ELIZABETH MARTICHOUX
Lui il dit qu'il n'y a pas assez sur la pénibilité, est-ce que vous êtes prêts à aller plus loin ?
AGNES BUZYN
Justement ça ça fait partie des sujets sur lesquels nous allons travailler avec les partenaires sociaux pour définir ce que sera la pénibilité dans la fonction publique et notamment dans la fonction publique hospitalière. Pour les aides-soignantes, les infirmières qui travaillent de nuit aujourd'hui elles n'ont pas le droit à la pénibilité, ça n'existe que dans le secteur privé, il faut qu'on adapte les critères pour que ça s'applique bien dans la fonction publique. Ça c'est sur la table et c'est vraiment quelque chose qui était demandé par les syndicats réformistes.
ELIZABETH MARTICHOUX
Et par la CFDT en particulier…
AGNES BUZYN
En particulier.
ELIZABETH MARTICHOUX
…d'où votre incompréhension quand même ?
AGNES BUZYN
Oui parce que c'est la réforme dont la CFDT rêvait et quelque part la CFDT ne veut juste pas qu'on trouve collectivement les moyens de ne pas faire payer à nos enfants ce que nous allons faire pour la retraite des 50 prochaines années.
ELIZABETH MARTICHOUX
Ils ne veulent pas que vous trouviez collectivement les moyens de pérenniser le système, il y a une absence de bonne volonté ?
AGNES BUZYN
Je pense qu'ils considèrent que les Français ne sont pas prêts, or moi je considère que les Français même s'ils n'en ont pas envie, et personne n'en a envie, globalement tout le monde a envie de partir à la retraite tôt, je pense que les Français ont du bon sens et savent aujourd'hui qu'avec le vieillissement de la population, le fait que nous soyons le pays dans lequel on reste à la retraite le plus longtemps, entre 22 et 27 ans selon qu'on est un homme ou une femme, avec le fait qu'il y ait moins d'actifs nous n'avons pas d'autre choix.

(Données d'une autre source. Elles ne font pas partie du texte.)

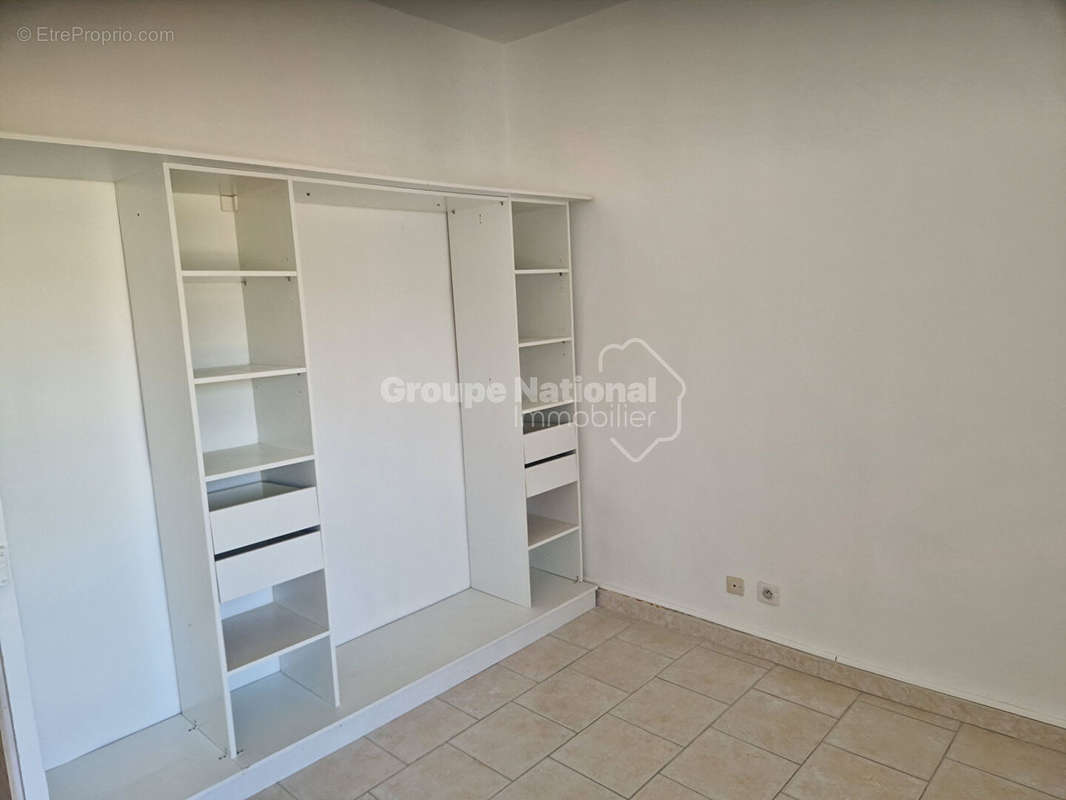 Appartement à MARSEILLE-11E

Si nous ne voulons pas creuser la dette et faire en sorte que nos enfants payent deux fois parce qu'en réalité ils paieront nos retraites et la dette, nous sommes obligés d'avoir un système à l'équilibre. Et donc ce que nous posons sur la table c'est un âge d'équilibre, un âge d'équilibre c'est factuel, c'est scientifique, c'est l'âge auquel le système ne crée pas de la dette pour les autres.
ELIZABETH MARTICHOUX
Vous permettez, on écoute Bruno LE MAIRE, il en a parlé il y a quelques minutes sur France 2.
BRUNO LE MAIRE, MINISTRE DE L'ECONOMIE ET DES FINANCES – DOCUMENT FRANCE 2 « LES 4 VERITES »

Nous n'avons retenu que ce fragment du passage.